Monday, September 25, 2006

Where We Are

Not time for much else this Monday morning, so I thought I'd post a few markers to help us see where we are, looking back and ahead, briefly.

This weekend brought us news that by Friday of last week the total number of US military deaths in Iraq and Afghanistan had matched the lives lost in the 9/11 attacks: 2,973. Not that we want to tie the two so closely, since Iraq had nothing to do with 9/11 or any terrorist threat to the U.S., but considering that it was repeatedly used as the rallying point it's not something we can dismiss.

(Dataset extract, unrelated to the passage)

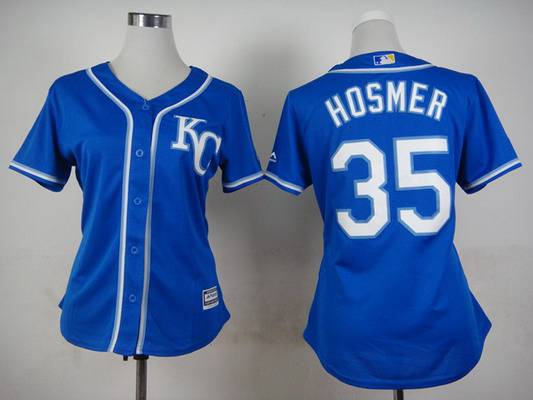 Women’s Kansas City Royals #35 Eric Hosmer 2014 Blue Jersey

I'm discouraged that despite many strong and serious reservations there's little to no sign of a fight coming from any Democrat over the sham "compromise" deal reached last week, wherein the White House still got what it wanted (a continued license to engage in torture) while the GOP got to play human rights advocates via a small group of Republican resistors headed by Senator John McCain.
"It only takes 30 seconds or so to see that the Senators have capitulated entirely, that the U.S. will hereafter violate the Geneva Conventions... and that there will be very little pretense about it," according to Marty Lederman, an international law professor at Georgetown University School of Law, who suggested that the White House had gotten the better of the rebels.

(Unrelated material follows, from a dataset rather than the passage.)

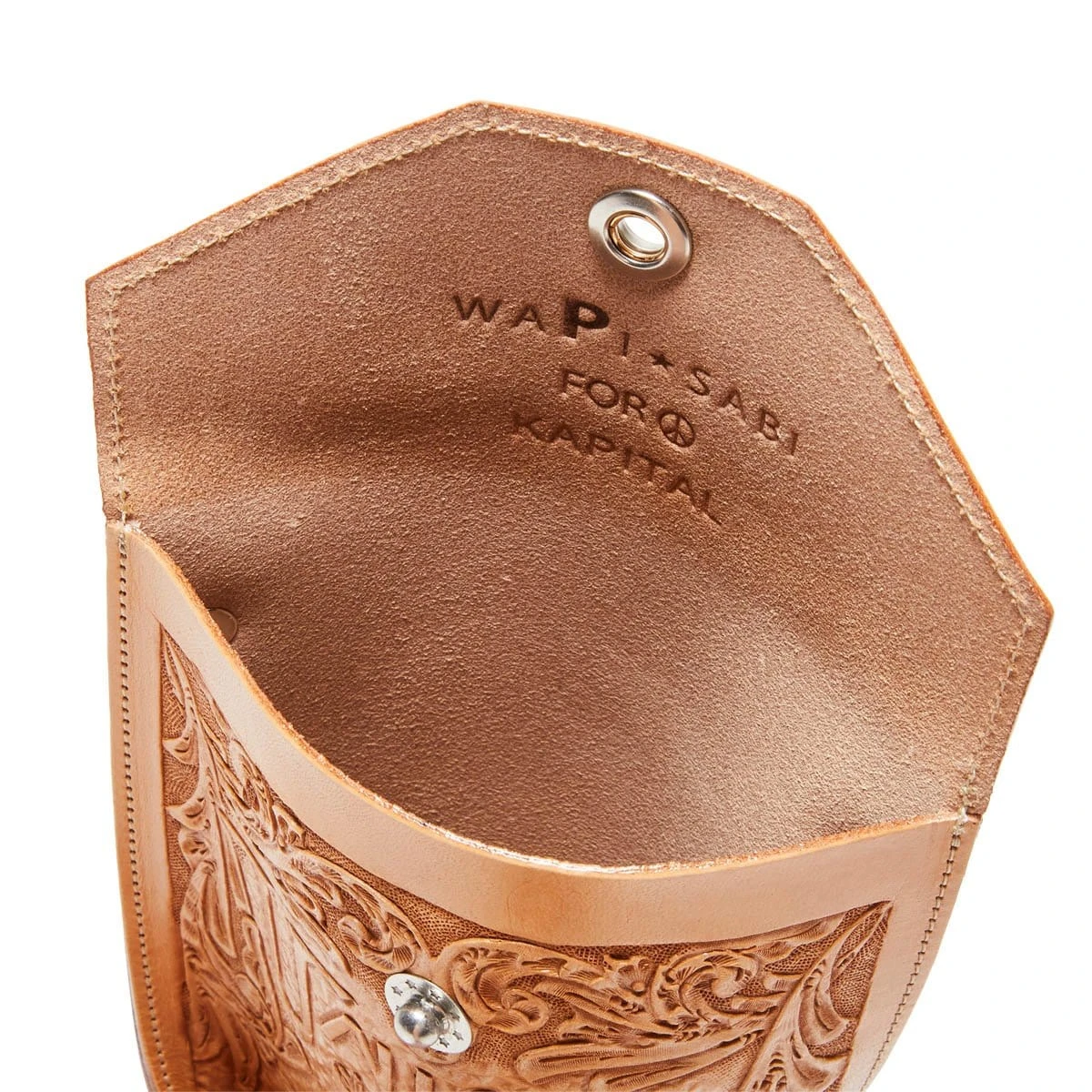 KAPITAL HAND CARVED LEATHER SACOCHE (FLOWER & SEWING MACHINE) - Image 3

Please keep in mind that deals of this type are part of an ongoing effort to retroactively save the skins of Bush and other top administration officials by retroactively decriminalizing activities that could, currently, see them up for prosecution.

Meanwhile, we're closing in on the mid-term elections and for a variety of reasons even some Republicans are becoming wary of electronic voting machines. Maybe a select few of them are justifiably afraid. A gambler who's gained from loaded dice is going to be more prone to worry in the future about others discovering the trick and using it to their advantage. Machines without a paper trail - including a viewing window so a voter can see how his or her vote was recorded - should not be in use anywhere.

2 Comments:

Blogger Doc Nebula said...

Excellent post. It is good to keep track of these various milestones. I'm going to see what I can do to drive a little more traffic your way, as I think you can be quite a good poli blogger when you focus on it, as you're doing here. You merit more eyes on the page.

10:29 AM  
Blogger Mike Norton said...

Thanks! I'll have to check the settings as this comment didn't copy to my email. I saw that you'd been talking things up as I followed some of the traffic back up stream to your comments on a couple of the poli-blogs.

I'll try to shine a little here, though so far it's not much more than small clusters of links.